=== Collected data ===
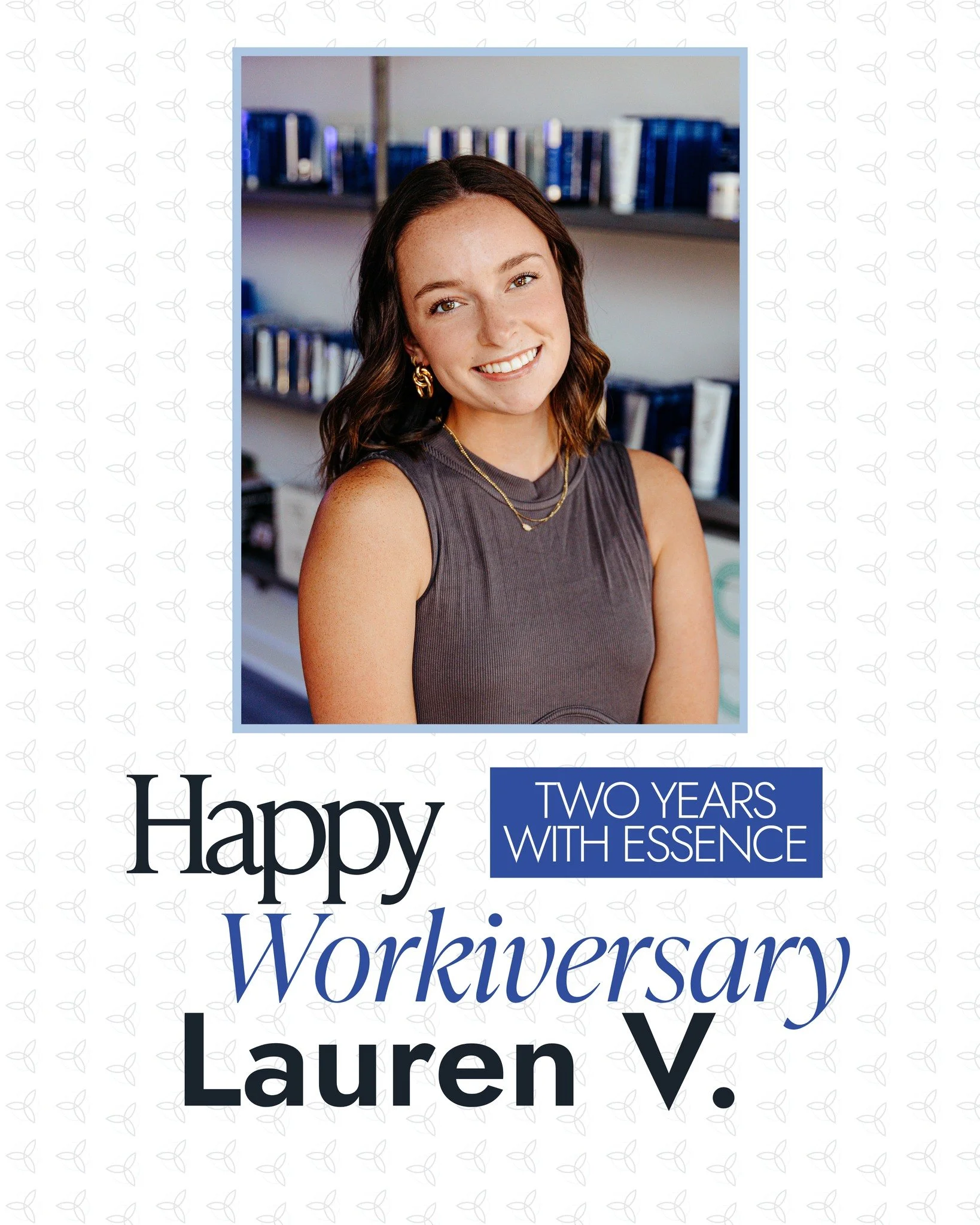 Celebrating 2 years with Lauren ✨

As both our Clinic Manager and Marketing Specialist, Lauren&rsquo;s leadership and creativity continue to shape Essence in the best way. We&rsquo;re so grateful for the care, vision, and consistency she brings to ou
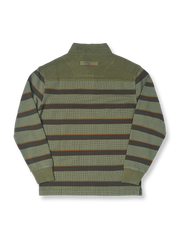 パイナップルチェックストライプワークシャツの画像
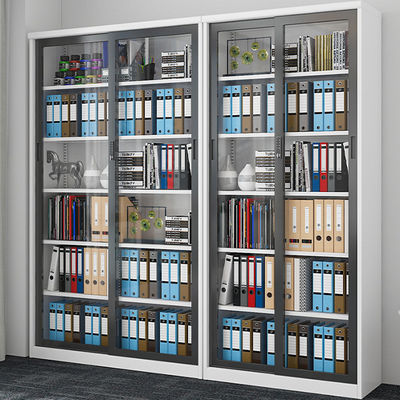 Meubles commerciaux Moderne Chef Cabinet Bureau Armoire à livres de combinaison de fichiers en bois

=== Exercise prompt ===
Set the pictures aside and reproduce the data above exactly.

=== Your solution ===
 Celebrating 2 years with Lauren ✨

As both our Clinic Manager and Marketing Specialist, Lauren&rsquo;s leadership and creativity continue to shape Essence in the best way. We&rsquo;re so grateful for the care, vision, and consistency she brings to ou
 パイナップルチェックストライプワークシャツの画像
 Meubles commerciaux Moderne Chef Cabinet Bureau Armoire à livres de combinaison de fichiers en bois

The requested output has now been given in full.